Gomes was "driven by his strong guilty conscience, disappointment and despair at the US government that has not taken any measure for his freedom," the communist state's official news agency said.
The Foreign Policy report said Carter, 86, would be traveling as a private citizen, similar to the mission carried out by former president Bill Clinton last year when he secured the release of American women Laura Ling and Euna Lee, two television journalists who were also jailed after wandering across the North Korean border with China.
Foreign Policy said there would be no US government officials on Carter's trip, but that the former president was considering taking his wife and daughter with him.
Asked earlier in the day about the potential for a trip by Carter to North Korea, State Department spokesman Philip Crowley told AFP: "I have nothing I can share with you."
When pressed at a news conference, Crowley said "we're anxious to get Mr. Gomes home and we have an ongoing discussion with North Korea to try to obtain his release."
Carter made an unprecedented visit to Pyongyang in 1994 when the United States came close to war with North Korea over its nuclear program. He helped defuse the crisis through talks with then-leader Kim Il-Sung.
In March this year during a visit to Seoul, the former president urged South Korea and the United States to hold direct talks with Pyongyang, saying a failure to negotiate nuclear disarmament might lead to a "catastrophic" war.
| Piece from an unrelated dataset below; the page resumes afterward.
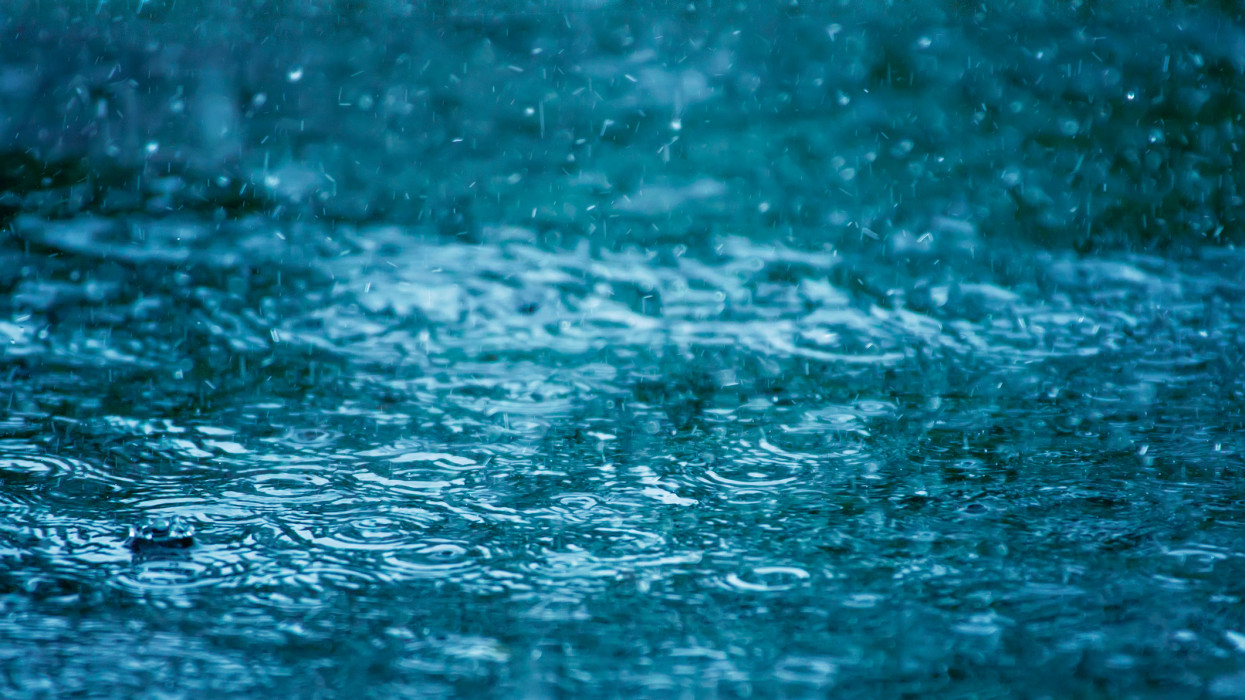 Close-up of a puddle of water with splashing raindrops during a downpour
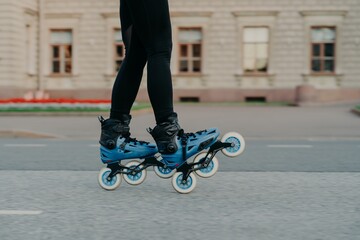 Cropped shot of faceless woman wears rollerblades for riding on road enjoys hobby in fresh air has...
"No one can predict the final answers from Pyongyang, but there is no harm in making a major effort, including unrestrained direct talks," he said in a speech after receiving an honorary doctorate from Korea University in Seoul.
"The initiative must be from America and South Korea."
Carter, a Democrat and former peanut farmer, served as US president from 1977 to 1981 and previously was elected governor of the southern state of Georgia from 1971 to 1975.
He has gone on to make a career in diplomacy, and as an elder statesman has been vocal about issues such as Israeli-Palestinian peace negotiations, humanitarian strife in Zimbabwe and the situation in war-torn Darfur.
Carter was awarded the Nobel Peace Prize in 2002.